A number of conclusions may be drawn from events in Swing’s initial south-eastern theatre, Cobbett’s activities, Goodman’s revelations, and the Treasury Solicitor’s campaign. Interpretations of Swing as the inevitable violent response to the intolerable and seemingly chronic deprivation of farmworkers encapsulated by the customary perception of the ‘last labourers’ revolt’ requires significant qualification. Farmworkers were not only joined by considerable numbers of rural craftsmen, some of whom were clearly politically- aware populist democrats, but the revolt also embraced their counterparts in adjacent towns. There were too many conjunctions between village and urban protesters to warrant perceptions of an exclusively rural revolt, and too great a participation by non-farmworkers to accept notions of a labourers’ uprising. Farmers clearly played a covert role in stimulating labourers to mobilise principally against the clergy and tithe payments, though as Maule discovered at Wrotham prosecuting delinquent farmers was highly problematic. The injections of politics were critical, and Cobbett’s crusading on stage and in print was the very visible tip of an iceberg. Cobbett certainly contributed to publicising French events in the rural south-east, but others including the radical nucleus at Battle were already active in the same cause. Both clearly contributed to the atmosphere in which people at the bottom of the social hierarchy really did consider that mass mobilisations would remedy grievances, as reported by Justice Courthope among many others. Moreover, the popular democratic politics articulated by Swing activists convinced many previously sceptical electors, and a body of liberal Tories, that modest reform of the Commons was paramount. This was a major reason which eludes some historians, ‘why the clamour for constitutional reform… hitherto… contained within safe pockets spread so suddenly and extensively in… 1830’.

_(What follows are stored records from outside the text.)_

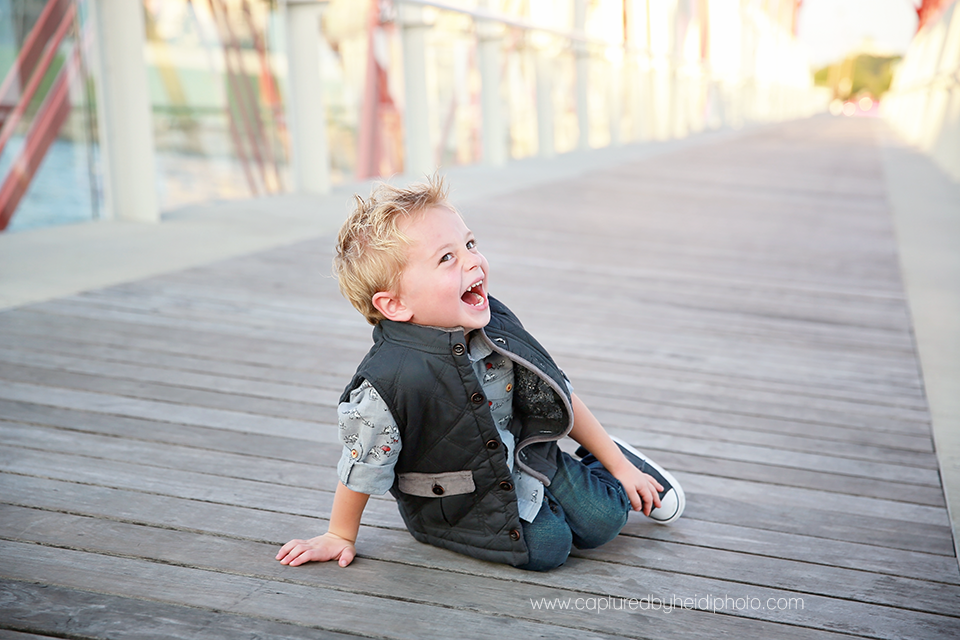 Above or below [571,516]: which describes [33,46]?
above

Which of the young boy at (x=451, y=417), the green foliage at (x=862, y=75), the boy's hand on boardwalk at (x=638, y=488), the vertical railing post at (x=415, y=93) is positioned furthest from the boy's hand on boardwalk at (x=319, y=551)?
the green foliage at (x=862, y=75)

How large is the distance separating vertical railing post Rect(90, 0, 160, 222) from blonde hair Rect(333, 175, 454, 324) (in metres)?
4.58

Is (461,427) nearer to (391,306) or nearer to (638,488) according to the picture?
(391,306)

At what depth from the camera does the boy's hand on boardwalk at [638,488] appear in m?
1.92

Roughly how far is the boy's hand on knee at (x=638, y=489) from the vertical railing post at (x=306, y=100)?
20.6ft

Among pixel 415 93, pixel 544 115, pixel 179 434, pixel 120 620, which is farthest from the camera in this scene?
pixel 544 115

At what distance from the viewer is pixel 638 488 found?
6.31 feet

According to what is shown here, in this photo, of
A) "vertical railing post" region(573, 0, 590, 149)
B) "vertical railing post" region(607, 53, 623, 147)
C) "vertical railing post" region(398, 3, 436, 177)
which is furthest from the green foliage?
"vertical railing post" region(398, 3, 436, 177)

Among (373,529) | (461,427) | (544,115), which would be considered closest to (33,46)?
(373,529)

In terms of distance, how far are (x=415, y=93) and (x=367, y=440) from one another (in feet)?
26.4

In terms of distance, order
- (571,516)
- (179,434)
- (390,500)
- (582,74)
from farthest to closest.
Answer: (582,74) → (179,434) → (390,500) → (571,516)

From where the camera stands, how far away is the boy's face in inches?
66.1

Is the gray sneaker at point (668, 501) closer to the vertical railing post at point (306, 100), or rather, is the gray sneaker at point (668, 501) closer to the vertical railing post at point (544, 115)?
the vertical railing post at point (306, 100)

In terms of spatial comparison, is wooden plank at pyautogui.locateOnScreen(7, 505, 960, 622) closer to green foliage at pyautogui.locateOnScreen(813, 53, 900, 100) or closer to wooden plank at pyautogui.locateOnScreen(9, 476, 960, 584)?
wooden plank at pyautogui.locateOnScreen(9, 476, 960, 584) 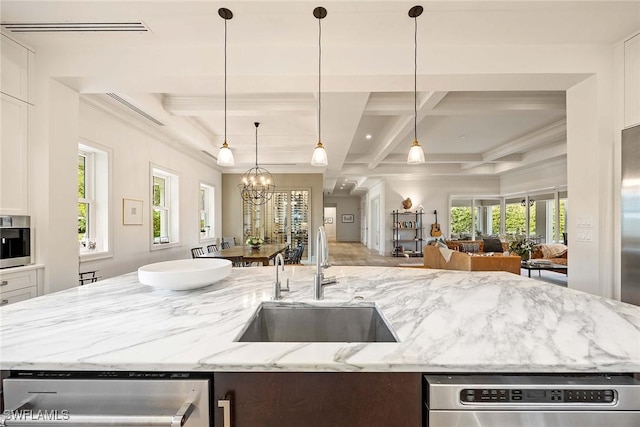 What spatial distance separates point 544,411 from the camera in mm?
846

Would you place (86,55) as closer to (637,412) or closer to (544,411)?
(544,411)

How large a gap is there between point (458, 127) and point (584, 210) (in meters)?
3.03

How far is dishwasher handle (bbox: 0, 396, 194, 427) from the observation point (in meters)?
0.81

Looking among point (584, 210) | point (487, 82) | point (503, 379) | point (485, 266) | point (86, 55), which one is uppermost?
point (86, 55)

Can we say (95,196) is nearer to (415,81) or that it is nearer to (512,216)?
Result: (415,81)

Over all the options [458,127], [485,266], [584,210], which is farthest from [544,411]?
[458,127]

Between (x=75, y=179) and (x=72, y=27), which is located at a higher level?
(x=72, y=27)

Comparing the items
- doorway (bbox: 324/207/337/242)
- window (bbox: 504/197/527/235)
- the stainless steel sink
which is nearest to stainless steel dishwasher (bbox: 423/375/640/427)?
the stainless steel sink

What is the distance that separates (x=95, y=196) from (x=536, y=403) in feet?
14.9

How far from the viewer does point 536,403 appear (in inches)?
33.5

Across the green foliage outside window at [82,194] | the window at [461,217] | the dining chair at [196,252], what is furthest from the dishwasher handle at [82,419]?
the window at [461,217]

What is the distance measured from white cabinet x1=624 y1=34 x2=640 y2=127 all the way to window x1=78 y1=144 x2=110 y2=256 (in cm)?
528

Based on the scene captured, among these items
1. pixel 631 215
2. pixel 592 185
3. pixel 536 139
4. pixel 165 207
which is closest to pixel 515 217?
pixel 536 139

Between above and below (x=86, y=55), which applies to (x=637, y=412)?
below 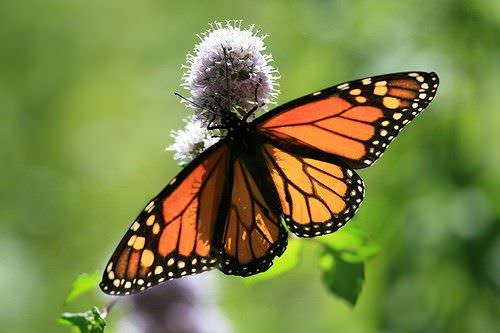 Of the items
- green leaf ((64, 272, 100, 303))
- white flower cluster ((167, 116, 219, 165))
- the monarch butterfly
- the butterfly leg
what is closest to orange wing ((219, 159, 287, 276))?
the monarch butterfly

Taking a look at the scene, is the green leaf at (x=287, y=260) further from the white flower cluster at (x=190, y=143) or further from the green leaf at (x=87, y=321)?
the green leaf at (x=87, y=321)

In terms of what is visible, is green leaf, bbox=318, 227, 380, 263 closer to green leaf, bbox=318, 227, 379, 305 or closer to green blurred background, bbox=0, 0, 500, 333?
green leaf, bbox=318, 227, 379, 305

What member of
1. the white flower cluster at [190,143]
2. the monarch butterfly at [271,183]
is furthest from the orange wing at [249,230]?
the white flower cluster at [190,143]

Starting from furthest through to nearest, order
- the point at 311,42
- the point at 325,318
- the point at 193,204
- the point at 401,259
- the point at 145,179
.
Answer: the point at 145,179 → the point at 325,318 → the point at 311,42 → the point at 401,259 → the point at 193,204

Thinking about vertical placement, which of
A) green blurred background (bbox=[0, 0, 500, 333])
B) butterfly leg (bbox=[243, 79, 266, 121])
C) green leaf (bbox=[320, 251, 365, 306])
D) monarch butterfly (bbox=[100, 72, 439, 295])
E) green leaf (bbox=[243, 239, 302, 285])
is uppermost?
green blurred background (bbox=[0, 0, 500, 333])

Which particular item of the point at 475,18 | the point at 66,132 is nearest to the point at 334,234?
the point at 475,18

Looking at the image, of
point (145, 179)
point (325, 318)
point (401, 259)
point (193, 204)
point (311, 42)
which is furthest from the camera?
point (145, 179)

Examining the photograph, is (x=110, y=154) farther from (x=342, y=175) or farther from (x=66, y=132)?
(x=342, y=175) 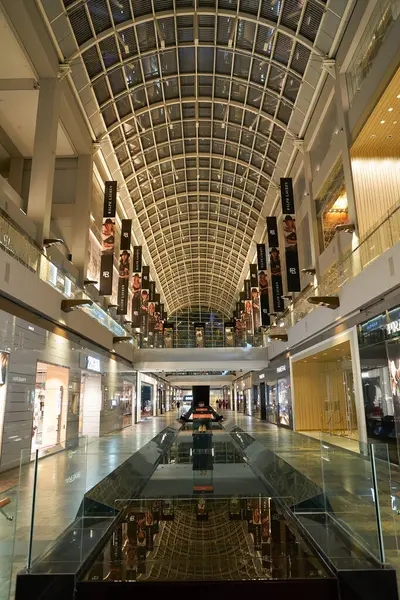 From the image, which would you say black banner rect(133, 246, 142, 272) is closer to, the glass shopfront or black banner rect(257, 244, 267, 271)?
black banner rect(257, 244, 267, 271)

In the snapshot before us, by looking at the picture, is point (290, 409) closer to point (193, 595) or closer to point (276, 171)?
point (276, 171)

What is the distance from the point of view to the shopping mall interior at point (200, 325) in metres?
4.38

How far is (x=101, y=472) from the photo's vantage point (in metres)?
7.30

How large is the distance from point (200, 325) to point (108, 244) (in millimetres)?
12724

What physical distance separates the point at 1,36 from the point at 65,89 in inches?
156

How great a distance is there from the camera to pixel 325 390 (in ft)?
68.9

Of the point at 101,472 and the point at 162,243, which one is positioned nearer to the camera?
the point at 101,472

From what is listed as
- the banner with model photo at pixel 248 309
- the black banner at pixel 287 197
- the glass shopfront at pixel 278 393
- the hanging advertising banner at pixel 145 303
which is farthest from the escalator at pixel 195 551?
the banner with model photo at pixel 248 309

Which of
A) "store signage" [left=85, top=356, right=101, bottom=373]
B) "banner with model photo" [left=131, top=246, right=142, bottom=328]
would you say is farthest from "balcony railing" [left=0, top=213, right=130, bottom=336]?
"banner with model photo" [left=131, top=246, right=142, bottom=328]

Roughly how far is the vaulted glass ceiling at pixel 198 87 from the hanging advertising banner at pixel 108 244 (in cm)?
464

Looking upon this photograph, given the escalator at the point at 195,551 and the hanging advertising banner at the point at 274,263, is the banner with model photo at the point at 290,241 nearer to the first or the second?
the hanging advertising banner at the point at 274,263

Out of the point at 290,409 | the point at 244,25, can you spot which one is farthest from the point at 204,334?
the point at 244,25

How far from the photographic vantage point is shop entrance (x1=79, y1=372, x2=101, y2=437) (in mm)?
18084

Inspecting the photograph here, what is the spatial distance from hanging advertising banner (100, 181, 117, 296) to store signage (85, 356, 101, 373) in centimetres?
304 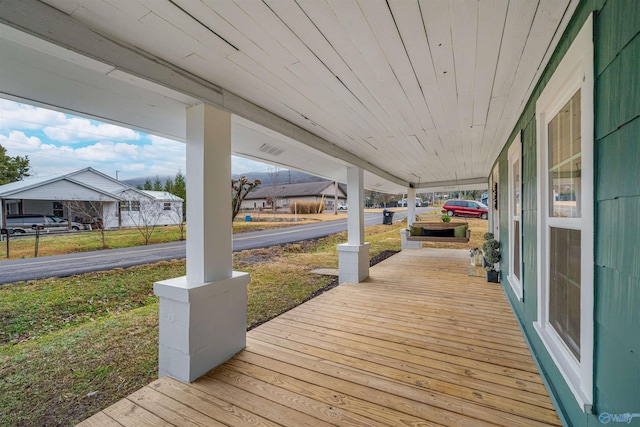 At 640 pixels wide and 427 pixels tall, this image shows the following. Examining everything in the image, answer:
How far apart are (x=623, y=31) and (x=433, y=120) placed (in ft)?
7.16

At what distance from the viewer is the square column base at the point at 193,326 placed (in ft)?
6.48

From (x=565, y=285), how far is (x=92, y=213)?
583 inches

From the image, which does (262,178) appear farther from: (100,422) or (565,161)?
(565,161)

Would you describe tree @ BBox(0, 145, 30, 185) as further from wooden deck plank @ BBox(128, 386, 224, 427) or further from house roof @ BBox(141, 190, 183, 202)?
wooden deck plank @ BBox(128, 386, 224, 427)

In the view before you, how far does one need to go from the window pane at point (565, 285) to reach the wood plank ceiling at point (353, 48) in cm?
113

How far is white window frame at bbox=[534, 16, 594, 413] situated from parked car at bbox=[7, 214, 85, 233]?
1454cm

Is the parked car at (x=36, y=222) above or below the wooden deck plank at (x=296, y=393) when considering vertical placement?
above

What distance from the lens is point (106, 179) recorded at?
46.2 ft

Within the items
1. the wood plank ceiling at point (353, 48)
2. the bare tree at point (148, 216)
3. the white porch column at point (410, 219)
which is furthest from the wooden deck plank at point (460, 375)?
the bare tree at point (148, 216)

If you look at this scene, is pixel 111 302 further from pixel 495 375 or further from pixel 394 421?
pixel 495 375

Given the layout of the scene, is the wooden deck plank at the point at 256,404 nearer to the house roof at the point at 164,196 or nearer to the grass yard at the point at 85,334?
the grass yard at the point at 85,334

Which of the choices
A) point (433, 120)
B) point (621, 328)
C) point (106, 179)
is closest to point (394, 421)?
point (621, 328)

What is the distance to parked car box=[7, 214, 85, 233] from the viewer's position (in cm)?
1090

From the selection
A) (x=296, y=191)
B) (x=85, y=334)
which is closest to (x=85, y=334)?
(x=85, y=334) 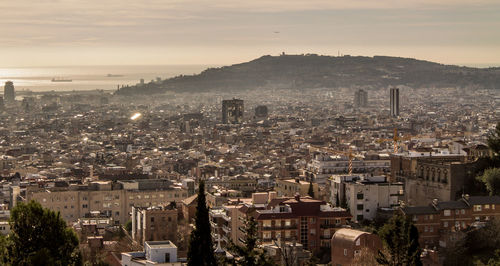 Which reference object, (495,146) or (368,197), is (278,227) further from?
(495,146)

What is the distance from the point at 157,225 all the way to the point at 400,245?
1624cm

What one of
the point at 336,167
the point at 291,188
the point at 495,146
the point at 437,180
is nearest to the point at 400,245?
the point at 437,180

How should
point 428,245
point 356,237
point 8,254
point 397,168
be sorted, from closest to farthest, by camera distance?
point 8,254 → point 356,237 → point 428,245 → point 397,168

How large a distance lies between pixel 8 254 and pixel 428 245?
15561mm

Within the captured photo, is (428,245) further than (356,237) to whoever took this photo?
Yes

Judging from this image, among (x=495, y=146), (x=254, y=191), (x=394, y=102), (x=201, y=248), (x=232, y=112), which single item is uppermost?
(x=495, y=146)

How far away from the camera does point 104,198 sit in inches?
2029

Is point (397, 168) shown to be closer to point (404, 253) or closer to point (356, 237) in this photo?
point (356, 237)

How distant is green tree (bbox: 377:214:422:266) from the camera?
2502 centimetres

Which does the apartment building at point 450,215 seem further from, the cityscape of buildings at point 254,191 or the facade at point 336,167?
the facade at point 336,167

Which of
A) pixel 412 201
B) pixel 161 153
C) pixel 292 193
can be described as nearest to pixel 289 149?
pixel 161 153

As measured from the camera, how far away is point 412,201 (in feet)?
130

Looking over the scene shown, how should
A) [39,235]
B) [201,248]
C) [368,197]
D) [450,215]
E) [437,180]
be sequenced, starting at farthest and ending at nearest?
1. [437,180]
2. [368,197]
3. [450,215]
4. [201,248]
5. [39,235]

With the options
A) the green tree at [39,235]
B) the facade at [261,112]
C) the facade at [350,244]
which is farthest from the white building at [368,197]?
the facade at [261,112] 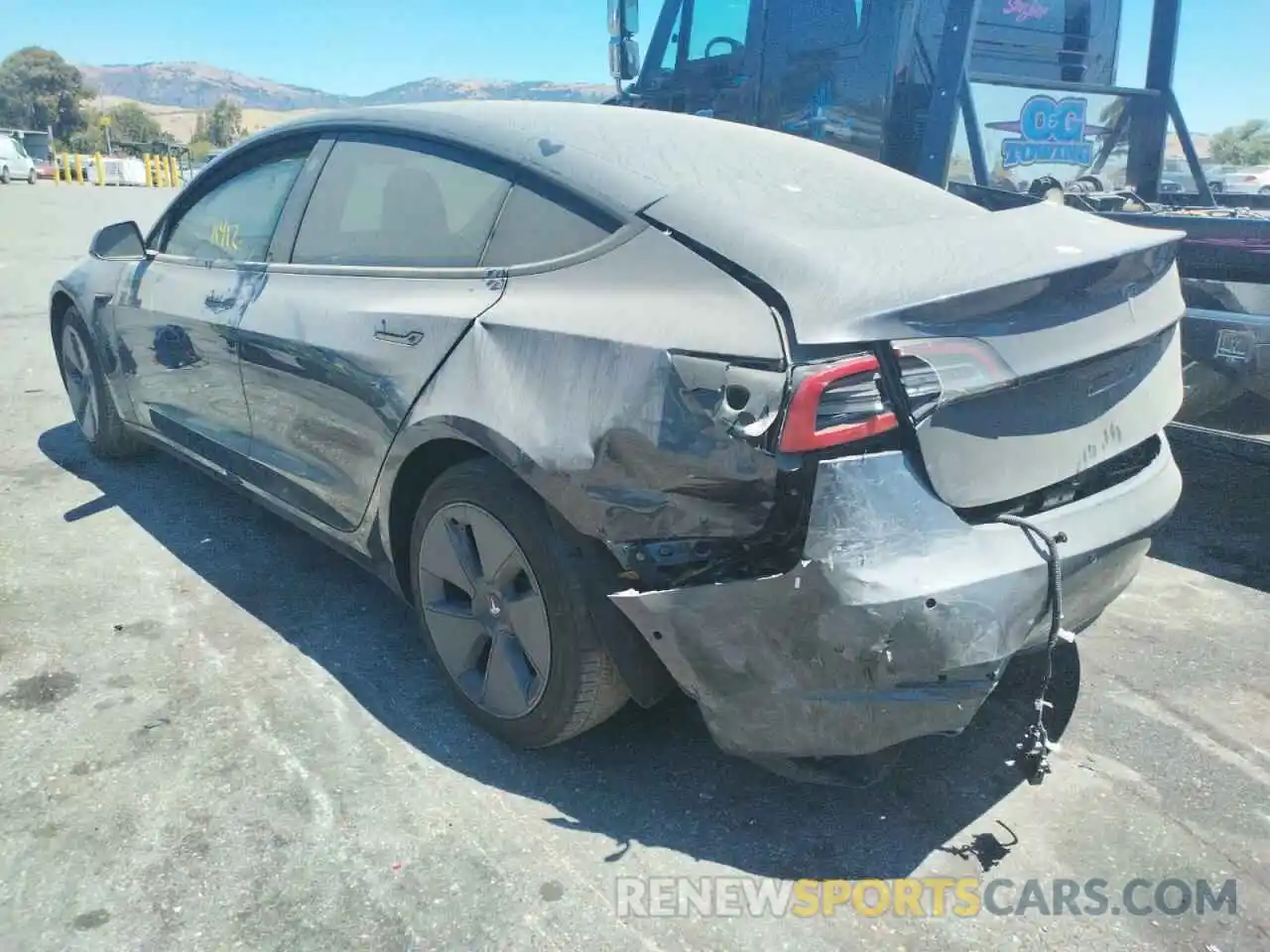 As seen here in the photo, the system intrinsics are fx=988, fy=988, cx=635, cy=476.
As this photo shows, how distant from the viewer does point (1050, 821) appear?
243 centimetres

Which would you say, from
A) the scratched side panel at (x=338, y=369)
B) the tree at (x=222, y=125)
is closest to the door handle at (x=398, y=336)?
the scratched side panel at (x=338, y=369)

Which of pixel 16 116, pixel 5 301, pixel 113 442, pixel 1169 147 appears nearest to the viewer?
pixel 113 442

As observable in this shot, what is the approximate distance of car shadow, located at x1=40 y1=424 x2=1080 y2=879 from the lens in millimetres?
2344

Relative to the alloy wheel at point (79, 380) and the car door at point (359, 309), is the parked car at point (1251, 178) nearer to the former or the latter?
the car door at point (359, 309)

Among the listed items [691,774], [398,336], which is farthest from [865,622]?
[398,336]

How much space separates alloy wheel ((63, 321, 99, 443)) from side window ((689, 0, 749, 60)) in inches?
148

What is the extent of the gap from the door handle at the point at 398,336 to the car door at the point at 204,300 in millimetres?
818

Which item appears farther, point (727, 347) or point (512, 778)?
point (512, 778)

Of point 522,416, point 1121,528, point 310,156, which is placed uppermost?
point 310,156

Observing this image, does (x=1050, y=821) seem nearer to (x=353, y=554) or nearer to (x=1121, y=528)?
(x=1121, y=528)

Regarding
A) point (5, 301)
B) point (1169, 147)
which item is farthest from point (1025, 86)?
point (5, 301)

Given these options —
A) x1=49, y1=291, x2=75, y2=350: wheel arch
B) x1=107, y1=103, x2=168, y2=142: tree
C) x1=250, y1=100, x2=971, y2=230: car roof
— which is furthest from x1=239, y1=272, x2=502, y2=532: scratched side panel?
x1=107, y1=103, x2=168, y2=142: tree

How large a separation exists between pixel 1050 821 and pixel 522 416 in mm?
1625

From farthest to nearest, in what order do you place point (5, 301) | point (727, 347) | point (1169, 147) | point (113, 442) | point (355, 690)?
point (5, 301), point (1169, 147), point (113, 442), point (355, 690), point (727, 347) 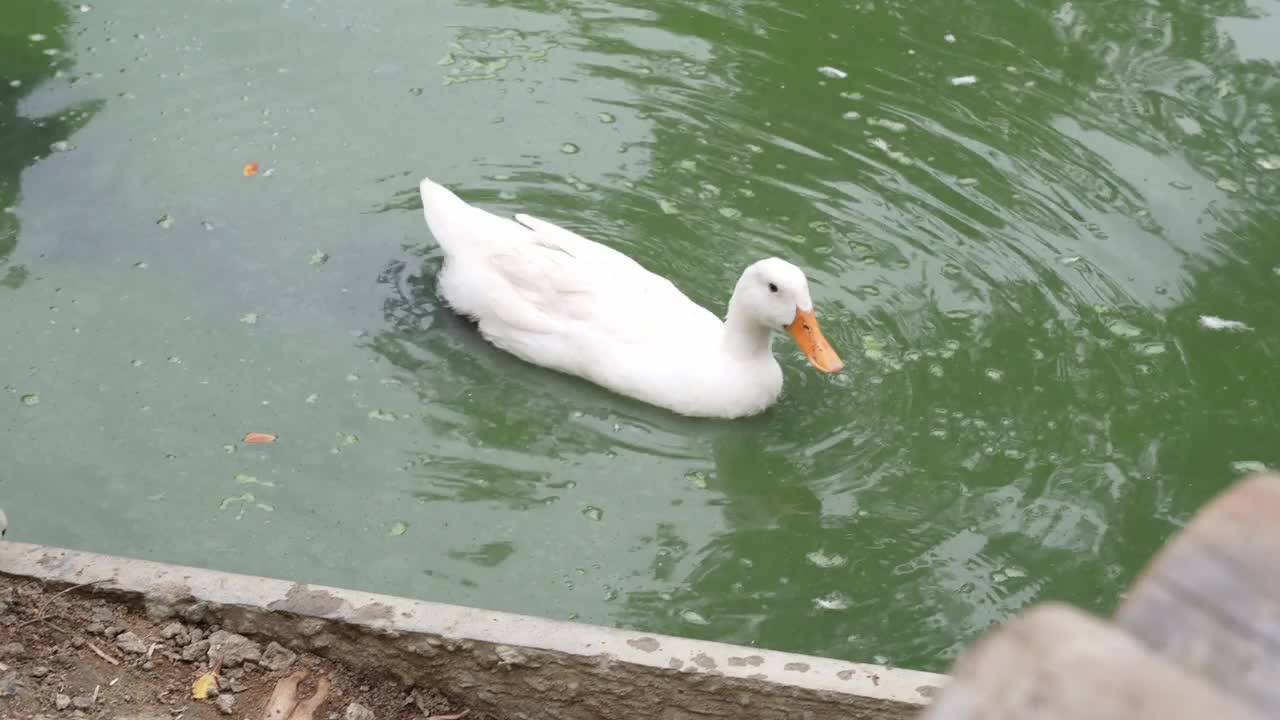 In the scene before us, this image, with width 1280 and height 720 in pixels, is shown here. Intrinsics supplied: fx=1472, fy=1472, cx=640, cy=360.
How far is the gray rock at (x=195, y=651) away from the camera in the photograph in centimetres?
382

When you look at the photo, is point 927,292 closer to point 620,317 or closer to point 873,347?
point 873,347

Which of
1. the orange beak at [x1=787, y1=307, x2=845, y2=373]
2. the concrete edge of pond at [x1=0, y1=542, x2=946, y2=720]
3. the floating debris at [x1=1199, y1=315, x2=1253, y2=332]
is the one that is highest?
the concrete edge of pond at [x1=0, y1=542, x2=946, y2=720]

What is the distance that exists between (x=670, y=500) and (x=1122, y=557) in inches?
65.1

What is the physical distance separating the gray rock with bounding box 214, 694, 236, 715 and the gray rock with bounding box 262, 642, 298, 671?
0.12 meters

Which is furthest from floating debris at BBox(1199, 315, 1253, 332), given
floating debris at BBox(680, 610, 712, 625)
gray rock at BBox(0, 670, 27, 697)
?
gray rock at BBox(0, 670, 27, 697)

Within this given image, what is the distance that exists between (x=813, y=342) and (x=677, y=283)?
3.76 ft

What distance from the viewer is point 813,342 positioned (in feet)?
19.0

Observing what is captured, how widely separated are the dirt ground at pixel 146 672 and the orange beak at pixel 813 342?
7.96 feet

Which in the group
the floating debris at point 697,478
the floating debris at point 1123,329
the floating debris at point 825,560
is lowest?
the floating debris at point 697,478

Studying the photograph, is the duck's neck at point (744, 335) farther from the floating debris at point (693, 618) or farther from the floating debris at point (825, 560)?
the floating debris at point (693, 618)

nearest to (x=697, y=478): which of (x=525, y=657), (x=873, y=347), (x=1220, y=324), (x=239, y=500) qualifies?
(x=873, y=347)

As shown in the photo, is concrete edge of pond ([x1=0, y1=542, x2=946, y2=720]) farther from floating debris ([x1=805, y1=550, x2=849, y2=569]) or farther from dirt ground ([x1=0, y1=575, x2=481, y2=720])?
floating debris ([x1=805, y1=550, x2=849, y2=569])

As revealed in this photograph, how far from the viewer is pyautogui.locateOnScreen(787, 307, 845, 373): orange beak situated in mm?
5730

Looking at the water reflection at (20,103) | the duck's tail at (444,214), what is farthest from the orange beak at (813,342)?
the water reflection at (20,103) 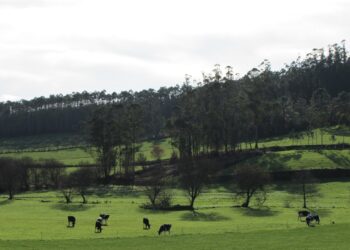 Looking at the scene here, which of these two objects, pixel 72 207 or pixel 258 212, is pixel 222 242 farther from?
pixel 72 207

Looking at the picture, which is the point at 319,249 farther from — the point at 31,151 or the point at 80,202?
the point at 31,151

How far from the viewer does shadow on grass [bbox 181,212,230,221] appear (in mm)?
71000

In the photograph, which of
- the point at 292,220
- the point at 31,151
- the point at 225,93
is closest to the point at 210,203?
the point at 292,220

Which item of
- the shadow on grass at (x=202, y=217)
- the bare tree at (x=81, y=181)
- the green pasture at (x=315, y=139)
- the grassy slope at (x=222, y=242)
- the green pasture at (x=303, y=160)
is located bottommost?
the shadow on grass at (x=202, y=217)

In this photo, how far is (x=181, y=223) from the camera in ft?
217

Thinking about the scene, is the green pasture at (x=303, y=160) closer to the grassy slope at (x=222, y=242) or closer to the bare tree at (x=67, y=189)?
the bare tree at (x=67, y=189)

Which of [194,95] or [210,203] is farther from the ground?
[194,95]

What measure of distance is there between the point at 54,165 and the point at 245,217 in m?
68.3

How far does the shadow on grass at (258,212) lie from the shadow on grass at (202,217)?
4.30 m

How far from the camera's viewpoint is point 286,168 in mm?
116875

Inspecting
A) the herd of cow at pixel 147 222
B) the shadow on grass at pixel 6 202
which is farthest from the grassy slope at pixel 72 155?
the herd of cow at pixel 147 222

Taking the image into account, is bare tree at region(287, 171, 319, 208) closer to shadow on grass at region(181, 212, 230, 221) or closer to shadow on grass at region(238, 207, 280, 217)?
shadow on grass at region(238, 207, 280, 217)

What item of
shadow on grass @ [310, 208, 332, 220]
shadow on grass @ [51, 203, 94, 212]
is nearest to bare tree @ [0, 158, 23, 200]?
shadow on grass @ [51, 203, 94, 212]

Maule’s orchestration of repression in Kent, especially criminal prosecutions, represented an unparalleled intervention by central government thereby seriously compromising customary local juridical autonomy. But, both in the south-east, and later in those counties for which the Special Commissions sat, Maule and his department, were responsible for ensuring that almost all Swing indictments pertained to acts of violence, as opposed to politically motivated sedition. Inskipp was an exception, but his prosecution derived from the unusually situated cavalryman, Moneypenny, and the trial was financed by county not Treasury funds. Cobbett’s indictment followed a unique series of events, namely Goodman’s desperate post conviction claims, and the capacity of Tory magistrates to exploit their proximity and access to the monarch to outmanoeuvre the government, which had recently fought Tory MPs’ demands for legal action against Cobbett. Ministers could hardly refuse to act against Cobbett after the publicity accorded to Goodman’s assertions, though ironically those assertions could never be transmuted into admissable evidence. Privately, one MP opined that ‘The Whigs were egged on by the taunts of Tories’ into Cobbett’s prosecution, and once it failed ‘laughed at the…defeat’. A warped version of William IV’s role in all this was eventually publicised by the Observer which claimed that Cobbett’s prosecution comprised the ‘fulfilment made by a very exalted personage to a few Sussex landowners’. Once acquitted, Cobbett cheekily challenged the government to prosecute the editor for implicating the king. The prosecution of both Cobbett and Carlile on political charges, namely incitement through seditious publications, subscribed to the convenient fiction, that the politics of Swing, along with some of the violence could be ascribed to the demagoguery of a pair of notorious radical publicists. Despite Maule’s role in orchestrating Swing’s repression, especially the legal counter-offensive, this barrister ‘of great ability‘ played no part in the decision to prosecute Cobbett.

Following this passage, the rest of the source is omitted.